CLASP (which stands for Consortium of Local Authorities Special Programme) system was a scheme developed in the 1950s through to the 1980s, by English local authorities to devise a method of designing and assembling prefabricated buildings for use in the public sector. CLASP was first developed by Charles Herbert Aslin, who was the county architect for Hertfordshire. The building type was used as a model for several other counties, most notably Nottinghamshire and Derbyshire. The CLASP system utilised prefabricated light gauge steel frames which could be built economically up to a maximum of 4 storeys. The frames were finished in a variety of claddings and their modular nature could be employed to produce architecturally satisfying buildings. Initially developed solely for schools, the system was also used to provide offices and housing. Generally within all buildings of the period between 1950 – 1985, asbestos containing materials were used extensively for heat insulation, fireproofing, floor coverings, ceiling tiles and wall panels. Many of the system buildings used lightweight steel frames that required fire protection,particularly in ground floor locations of multi-storey buildings. One particular type of asbestos containing material, asbestos insulating board (AIB) was often used for this purpose.

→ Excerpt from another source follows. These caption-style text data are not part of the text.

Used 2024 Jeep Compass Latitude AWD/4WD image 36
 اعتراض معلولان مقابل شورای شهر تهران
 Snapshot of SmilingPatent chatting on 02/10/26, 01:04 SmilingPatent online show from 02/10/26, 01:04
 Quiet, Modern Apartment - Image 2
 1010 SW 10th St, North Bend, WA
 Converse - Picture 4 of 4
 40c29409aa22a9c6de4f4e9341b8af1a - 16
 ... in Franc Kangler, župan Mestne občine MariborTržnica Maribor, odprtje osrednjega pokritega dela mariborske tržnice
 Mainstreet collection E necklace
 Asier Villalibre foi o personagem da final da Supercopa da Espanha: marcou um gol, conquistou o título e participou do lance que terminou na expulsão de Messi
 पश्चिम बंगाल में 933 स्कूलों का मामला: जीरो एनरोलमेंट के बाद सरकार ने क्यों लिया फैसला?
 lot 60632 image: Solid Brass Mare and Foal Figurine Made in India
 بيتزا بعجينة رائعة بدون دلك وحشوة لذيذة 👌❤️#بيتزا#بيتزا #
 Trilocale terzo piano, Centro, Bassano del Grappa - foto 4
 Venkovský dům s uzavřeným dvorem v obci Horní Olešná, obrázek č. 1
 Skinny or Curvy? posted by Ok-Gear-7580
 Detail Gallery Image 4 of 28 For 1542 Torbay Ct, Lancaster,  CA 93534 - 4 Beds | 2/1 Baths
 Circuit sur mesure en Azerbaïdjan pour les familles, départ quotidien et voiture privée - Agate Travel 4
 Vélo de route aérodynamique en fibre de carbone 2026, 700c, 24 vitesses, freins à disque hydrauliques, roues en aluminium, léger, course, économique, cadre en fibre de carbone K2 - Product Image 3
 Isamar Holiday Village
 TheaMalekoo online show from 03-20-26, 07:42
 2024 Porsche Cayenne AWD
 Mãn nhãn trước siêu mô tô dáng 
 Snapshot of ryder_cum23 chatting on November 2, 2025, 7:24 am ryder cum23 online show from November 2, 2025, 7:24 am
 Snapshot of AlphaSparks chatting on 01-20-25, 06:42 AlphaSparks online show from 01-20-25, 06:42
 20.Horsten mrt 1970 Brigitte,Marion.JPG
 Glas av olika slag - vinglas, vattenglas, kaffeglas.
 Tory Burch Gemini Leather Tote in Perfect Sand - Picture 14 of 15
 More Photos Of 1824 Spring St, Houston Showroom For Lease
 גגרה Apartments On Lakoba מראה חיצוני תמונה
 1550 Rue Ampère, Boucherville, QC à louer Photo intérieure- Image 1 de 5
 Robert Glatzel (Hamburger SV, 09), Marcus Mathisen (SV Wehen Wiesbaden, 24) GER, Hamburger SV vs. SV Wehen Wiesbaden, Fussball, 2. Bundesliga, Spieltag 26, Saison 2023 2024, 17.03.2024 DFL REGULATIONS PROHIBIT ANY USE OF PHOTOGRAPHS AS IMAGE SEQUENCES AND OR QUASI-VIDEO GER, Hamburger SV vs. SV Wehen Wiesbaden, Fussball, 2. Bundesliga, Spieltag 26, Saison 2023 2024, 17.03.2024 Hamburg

Insulating board. Used for fire protection, thermal and acoustic insulation, resistance to moisture movement and general building board. Found in service ducts, firebreaks, infill panels, partitions and ceilings (including ceiling tiles), roof underlay, wall linings, soffits, external canopies and porch linings. Crocidolite used for some boards up to 1965, amosite up to 1980, when manufacture ceased. Usually 15–25% amosite or a mixture of amosite and chrysotile in calcium silicate. Older boards and some marine boards contain up to 40% asbestos. AIB can be readily broken, giving significant fibre release. Also significant surface release is possible by abrasion, but surface is usually painted or plastered. Sawing and drilling will also give significant releases. ‘Asbestolux’, ‘Turnasbestos’, ‘LDR’, ‘asbestos wallboard’, ‘insulation board’. Marine boards known as ‘Marinite’ or ‘Shipboard’.Building systems developed over time and details were revised and specification of materials changed, also the project architect may have specified some alternative or additional uses of asbestos containing materials that may not necessarily be recorded or included in the basic building design. This has led to variation in the types and locations of asbestos containing materials within these buildings. Asbestos containing materials may also have been used in these buildings as unrecorded substitute items. This may be where there were material shortages on site during the original installation. Additionally to to this surplus or off cut asbestos containing materials may have been left hidden inside columns or boxings or ceiling voids. As such, asbestos may be found in some unexpected locations within a CLASP building and the presumption should be that asbestos containing materials may be present in all concealed areas. Taking this all into account, there is a high potential for asbestos fibre to be released from damaged column casings in CLASP and system buildings. Gaps in the column casings can occur as a result of previous alteration, removal or direct physical impact on the casing. As a result asbestos management should be a high priority in all CLASP buildings.